As of August 1, most new and renewing health insurance plans must begin offering a spectrum of women’s preventive health services, including birth control, at no upfront cost. This provision of the Affordable Care Act has been among its most controversial, with many Catholic and other religious organizations suing the government to block a rule that they see as compelling them to act in opposition to their beliefs, which they represent as steadfast through time.

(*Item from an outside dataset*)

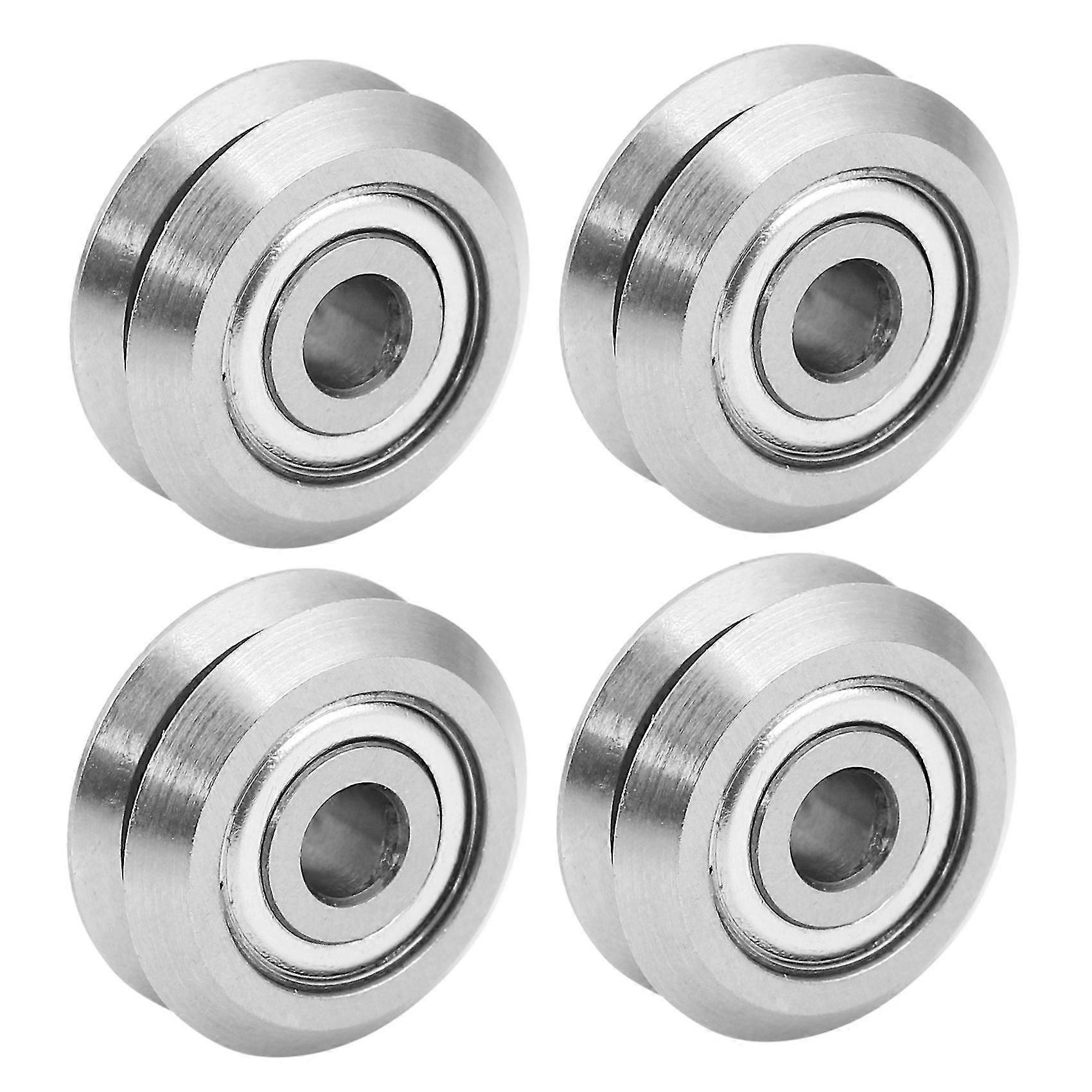 4x W1 Deep V Groove W-rail Guide Line Track Pulley Rollers Kugellager Stahl Modell: W1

This improbable reemergence of contraception as a public issue in the public square turned our attention to John T. Noonan’s Contraception: A History of Its Treatment by the Catholic Theologians and Canonists. The book was originally published in 1965 and then enlarged back in 1986, but despite its age there seems to exist no comparable treatment of the entire history of the church and contraception, from the Roman Empire to Vatican II. One could argue that no such work could even be attempted today, as anyone with the access Noonan then enjoyed would today almost surely be censured for their effort.
On publication, Time called the book a “magisterially documented history of church teaching on birth control [which] suggests that there are good reasons why the traditional stand can change,” and Harper’s described it as a work of “inherent genius” that was as “truly exciting as a book can be.” In a post earlier this year, the U.S. Intellectual History blog detailed the roiling debate into which Noonan’s book entered in the mid-1960s.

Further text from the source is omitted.